With the new resolver, while pip is looking for a compatible set of depenedency package versions to install, it needs to (currently) download each version in order to work out if it is compatible or not.
Suggestions of including dependency information in metadata would take a lot of development time. This option would be preferred.
From the perspective of the user, even if they do not understand why pip needs to do this (and we can’t expect them to understand, or even need to understand), they will understand these packages are no longer required - so why does pip not clean up after itself?
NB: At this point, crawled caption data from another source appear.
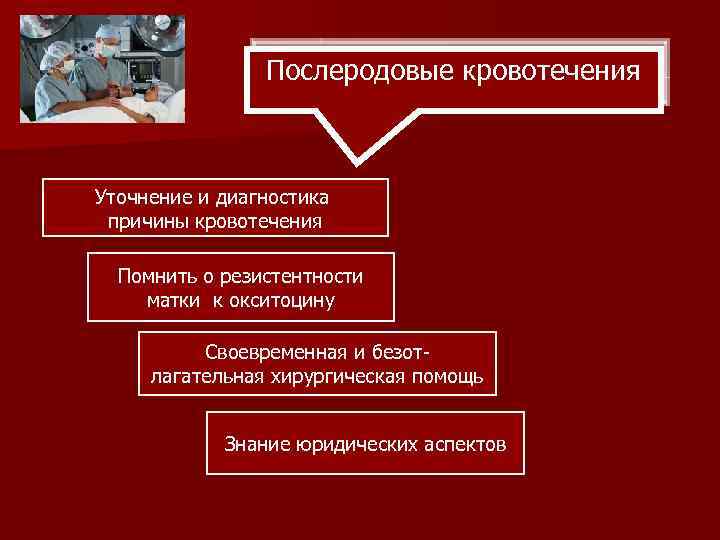 Послеродовые кровотечения Уточнение и диагностика причины кровотечения Помнить о резистентности матки к окситоцину Своевременная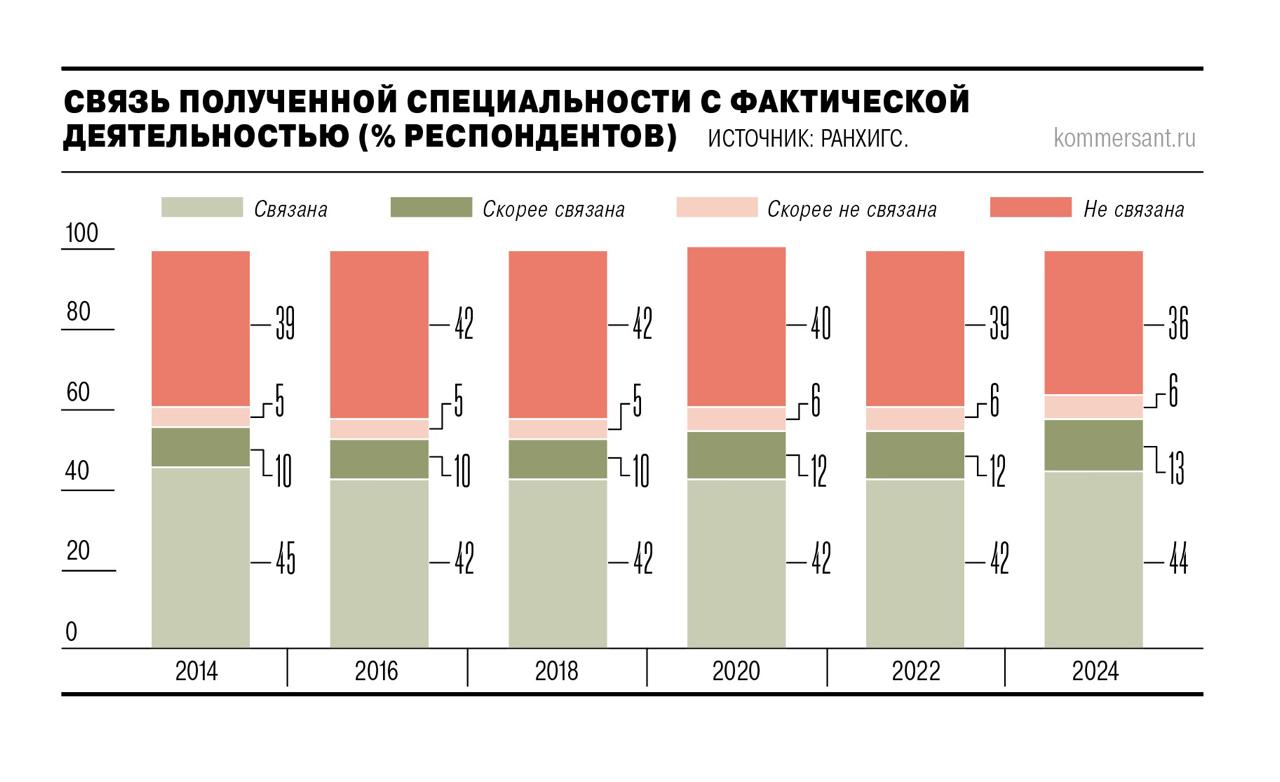 С 2014 года увеличилась доля россиян которые работают по специальности По данным исследователей она выросла с 55 3 до 57 6 Исследователи считают что у этого есть две причины С одной стороны это может быть косвенным эффектом того что вырос спрос на труд Благодаря этому многие специалисты наконец нашли устраивающие их предложения в своей отрасли С другой это результат смены поколений из за которой с рынка труда постепенно уходят те кто потерял связь с изначальной профессией в 1990 х годах Вместо них приходит работать молодёжь которая тщательнее выбирает специальность А вы работаете по специальности да я с детства знал а кем хочу стать в это сфере отучился лась и работаю нет после вуза колледжа понял а что хочу заниматься чем то другим не выбранным направлением россия общество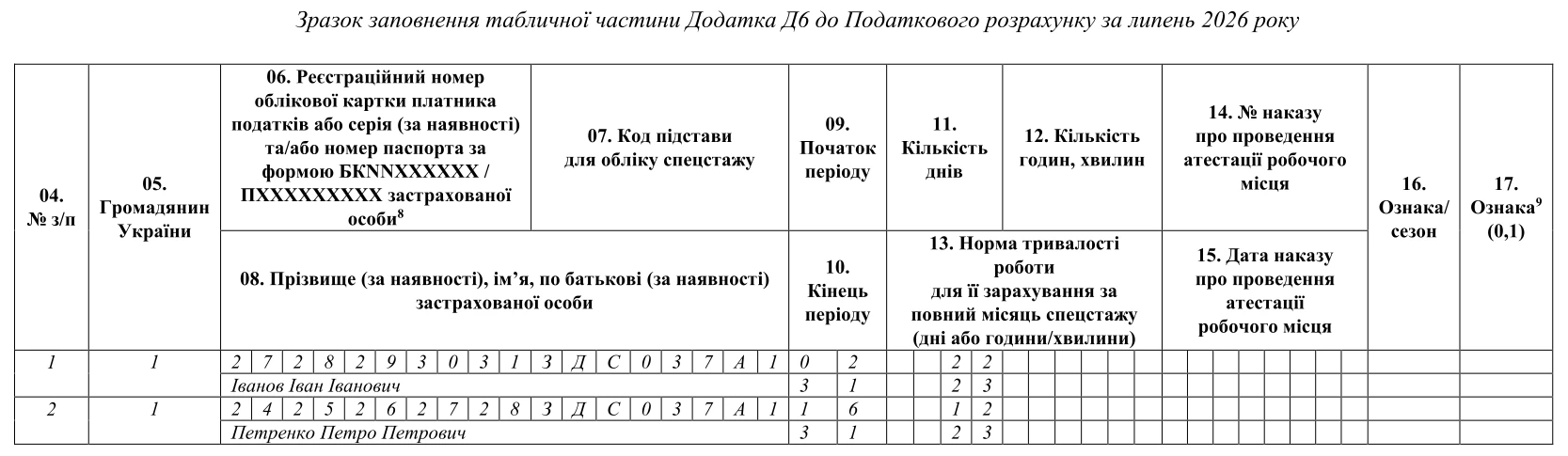 Додаток Д6 до Податкового розрахунку: зразок заповнення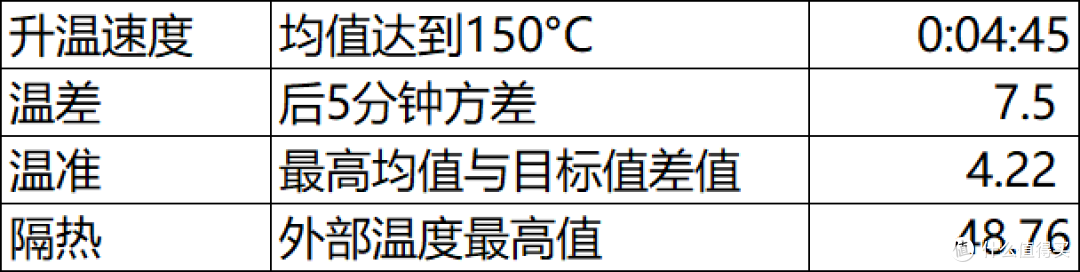 微蒸烤一体机不如纯烤/纯蒸箱?凯度ZR pro二代全实测数据报告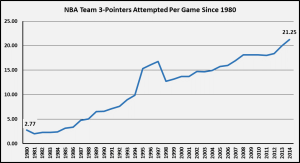 3-Punkte Statistik NBA 1980-2014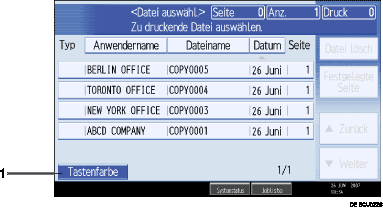 Nummerierte Abbildung des Bedienfeld-Display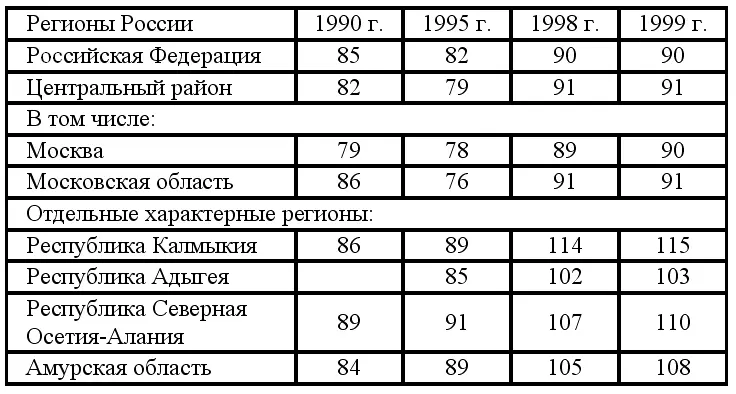 Как видно затраты на производство подрядных работ в строительстве - фото 12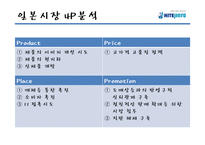 [국제경영] 하이트진로 해외직접투자 사례 연구-17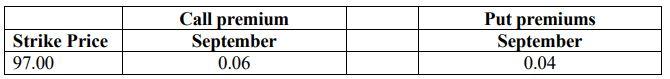 Question 7 0.06 is 6 basis points and 0,04 means 4 basis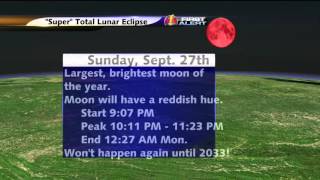 Did You Know With Jill Super Total Lunar Eclipse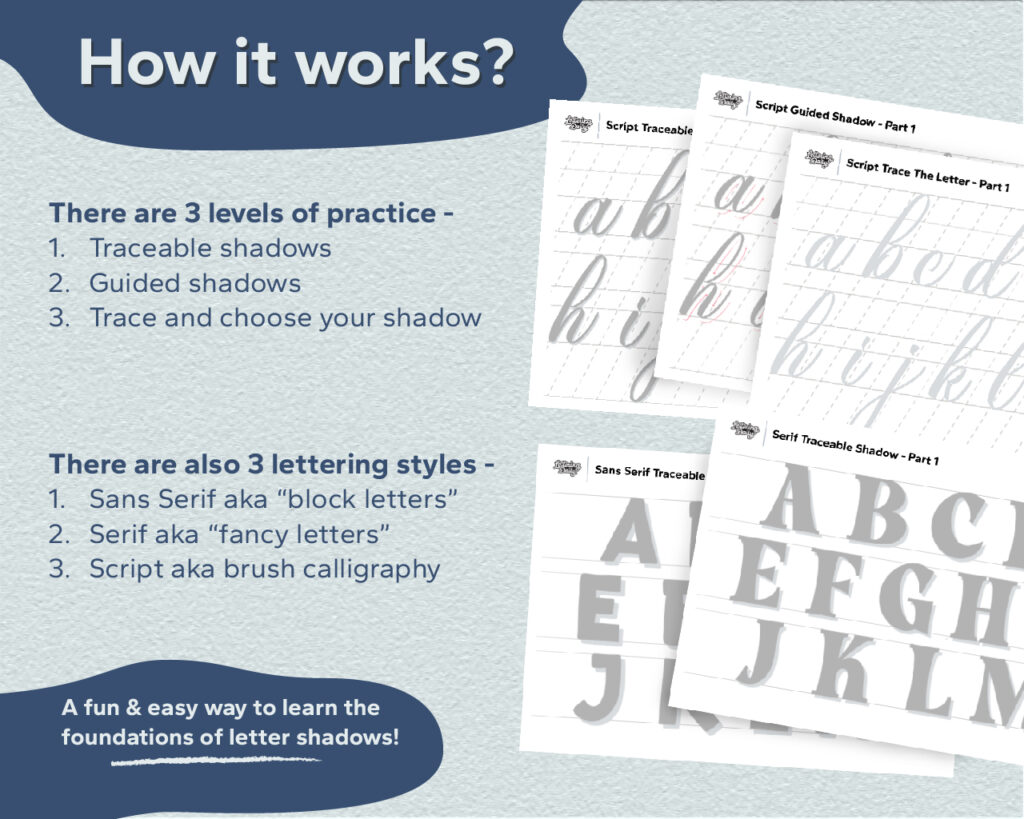 Guide to learning letter shadows in three styles.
This is a reasonable request - pip currently does that after an install anyway.
As an interim, I’d like to suggest the following -
At the end of the (successful) installation process, I’d like pip to do one of these (1. most preferred to 3. least preferred):
1. Prompt the user “Do you want me to remove the packages I downloaded in order to find the compatible one?” Y/N/Not sure
- Y: deletes the packages pip had to download during that install process
- N/Not sure: does not delete them
Most preferred as it informs the user of a potentially important decision. (If most people say "I don’t care about these packages, just delete them, then option 3 below would be preferred)
2. print a message for the user to explain how they can remove those packages?
pip prints a message
To save your storage space, you can delete the interim package versions by typing: rm (-rf) /path/to/where/the/packages/are-stored/
Not ideal, however it still saves a user in this situation from loosing disk-space to not longer needed packages.
3. automatically remove the “incompatible” package versions
Not ideal either as the system has done something the user may not want to have happen.
Easiest to implement would be 2 (essentially printing a message).